Climate, society, sustainability literacy and transforming our world

Welcome to another week of Shaken Not Burned! 

Over the last couple of years forest carbon credits have become an increasingly contentious solution to the climate challenge because of questions around additionality, permanence and leakage. Scandals have emerged over how carbon credits are estimated and assessed, much of which stems from outdated or flawed methodologies. The risk of greenwashing is a core concern, that credits have been used by companies to appear climate-friendly without delivering real impact.
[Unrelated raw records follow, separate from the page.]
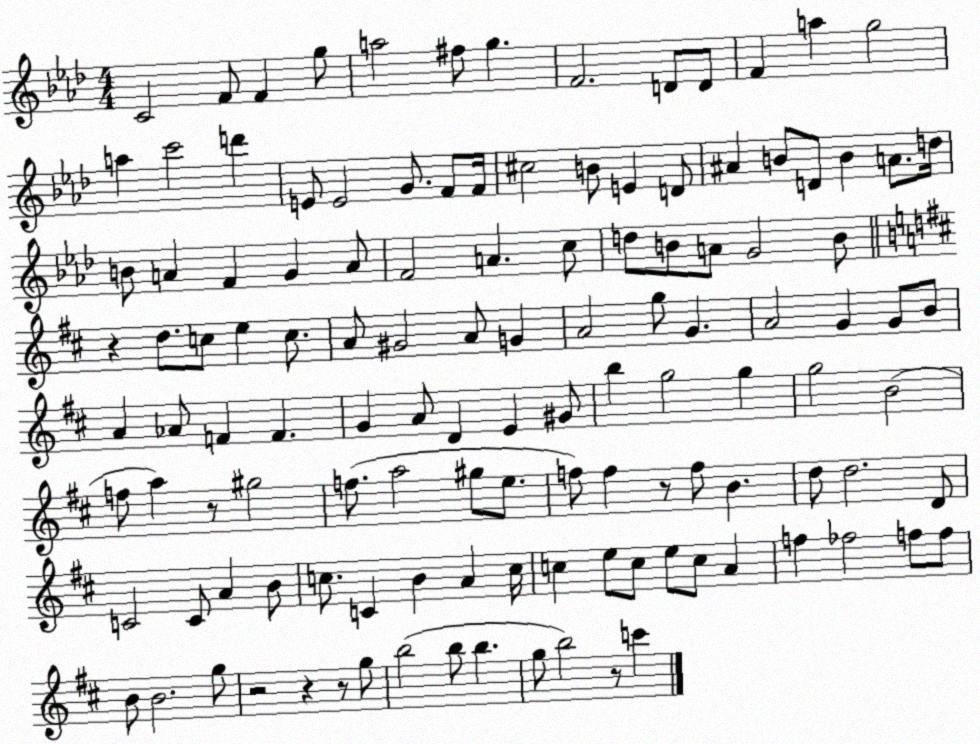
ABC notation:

X:1
T:Untitled
M:4/4
L:1/4
K:Ab
C2 F/2 F g/2 a2 ^f/2 g F2 D/2 D/2 F a g2 a c'2 d' E/2 E2 G/2 F/2 F/4 ^c2 B/2 E D/2 ^A B/2 D/2 B A/2 d/4 B/2 A F G A/2 F2 A c/2 d/2 B/2 A/2 G2 B/2 z d/2 c/2 e c/2 A/2 ^G2 A/2 G A2 g/2 G A2 G G/2 B/2 A _A/2 F F G A/2 D E ^G/2 b g2 g g2 B2 f/2 a z/2 ^g2 f/2 a2 ^g/2 e/2 f/2 f z/2 f/2 B d/2 d2 D/2 C2 C/2 A B/2 c/2 C B A c/4 c e/2 c/2 e/2 c/2 A f _f2 f/2 f/2 B/2 B2 g/2 z2 z z/2 g/2 b2 b/2 b g/2 b2 z/2 c' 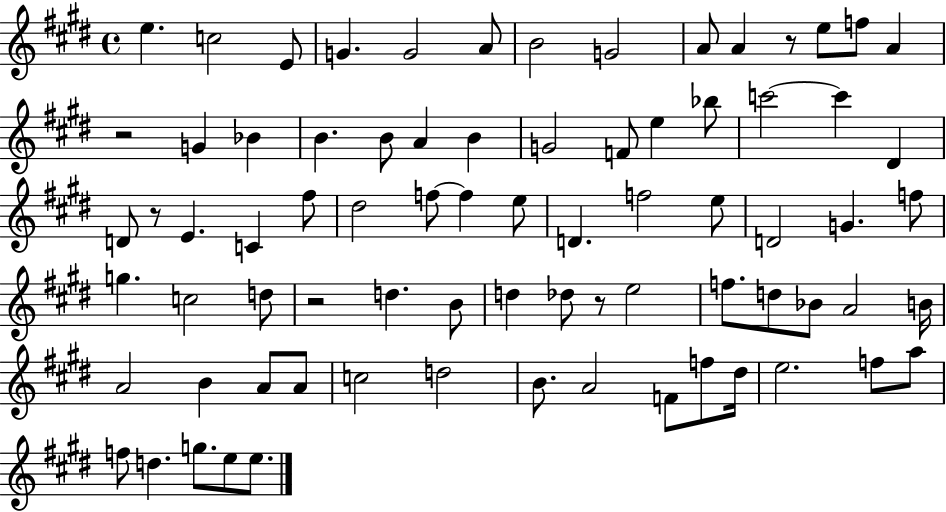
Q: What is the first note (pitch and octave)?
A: E5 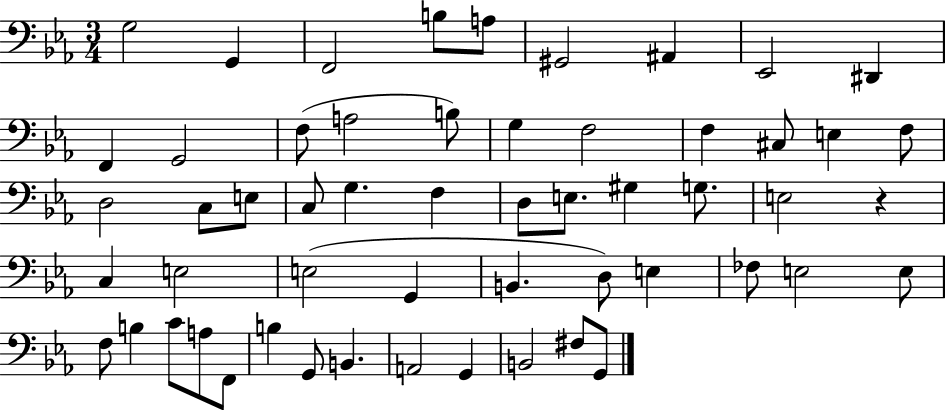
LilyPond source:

{
  \clef bass
  \numericTimeSignature
  \time 3/4
  \key ees \major
  g2 g,4 | f,2 b8 a8 | gis,2 ais,4 | ees,2 dis,4 | \break f,4 g,2 | f8( a2 b8) | g4 f2 | f4 cis8 e4 f8 | \break d2 c8 e8 | c8 g4. f4 | d8 e8. gis4 g8. | e2 r4 | \break c4 e2 | e2( g,4 | b,4. d8) e4 | fes8 e2 e8 | \break f8 b4 c'8 a8 f,8 | b4 g,8 b,4. | a,2 g,4 | b,2 fis8 g,8 | \break \bar "|."
} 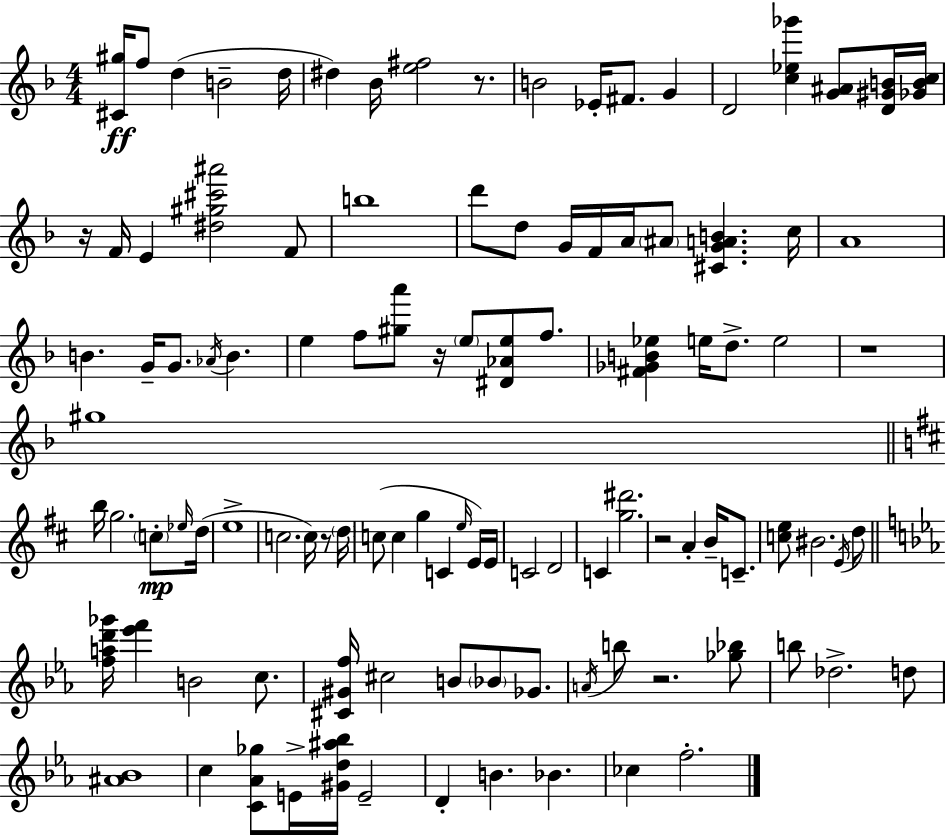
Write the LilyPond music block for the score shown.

{
  \clef treble
  \numericTimeSignature
  \time 4/4
  \key d \minor
  <cis' gis''>16\ff f''8 d''4( b'2-- d''16 | dis''4) bes'16 <e'' fis''>2 r8. | b'2 ees'16-. fis'8. g'4 | d'2 <c'' ees'' ges'''>4 <g' ais'>8 <d' gis' b'>16 <ges' b' c''>16 | \break r16 f'16 e'4 <dis'' gis'' cis''' ais'''>2 f'8 | b''1 | d'''8 d''8 g'16 f'16 a'16 \parenthesize ais'8 <cis' g' a' b'>4. c''16 | a'1 | \break b'4. g'16-- g'8. \acciaccatura { aes'16 } b'4. | e''4 f''8 <gis'' a'''>8 r16 \parenthesize e''8 <dis' aes' e''>8 f''8. | <fis' ges' b' ees''>4 e''16 d''8.-> e''2 | r1 | \break gis''1 | \bar "||" \break \key d \major b''16 g''2. \parenthesize c''8-.\mp \grace { ees''16 }( | d''16 e''1-> | c''2. c''16) r8 | \parenthesize d''16 c''8( c''4 g''4 c'4 \grace { e''16 }) | \break e'16 e'16 c'2 d'2 | c'4 <g'' dis'''>2. | r2 a'4-. b'16-- c'8.-- | <c'' e''>8 bis'2. | \break \acciaccatura { e'16 } d''8 \bar "||" \break \key c \minor <f'' a'' d''' ges'''>16 <ees''' f'''>4 b'2 c''8. | <cis' gis' f''>16 cis''2 b'8 \parenthesize bes'8 ges'8. | \acciaccatura { a'16 } b''8 r2. <ges'' bes''>8 | b''8 des''2.-> d''8 | \break <ais' bes'>1 | c''4 <c' aes' ges''>8 e'16-> <gis' d'' ais'' bes''>16 e'2-- | d'4-. b'4. bes'4. | ces''4 f''2.-. | \break \bar "|."
}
With advancing technology, stronger regulation and the introduction of dynamic baselines however, nature-based solutions like forest conservation and reforestation are critical to the capture and storage of CO2 in natural ecosystems. The market is evolving quickly, offering significant opportunities as it matures

In this episode, Felicia Jackson sits down with Lisett Luik, co-founder of Arbonics, to dive into the challenges and potential of nature-based carbon removal, from using satellite data and LiDAR to build a “digital twin” of forests, to navigating the complexities of carbon markets, trust, and transparency. 

The conversation also explores how companies like Microsoft are evolving their carbon removal strategies, highlighting the spectrum of approaches available—from avoidance and forest conservation to cutting-edge technological removals. It examines what makes forest carbon credits either valuable or controversial, and emphasizes the essential role nature-based solutions will play over the next 30 to 50 years, even if their impacts aren't always permanent.

It isn’t just about trees. It’s about rebuilding trust in nature-based solutions, creating credible, local climate action with global impact, and answering the tough questions about how to get this right.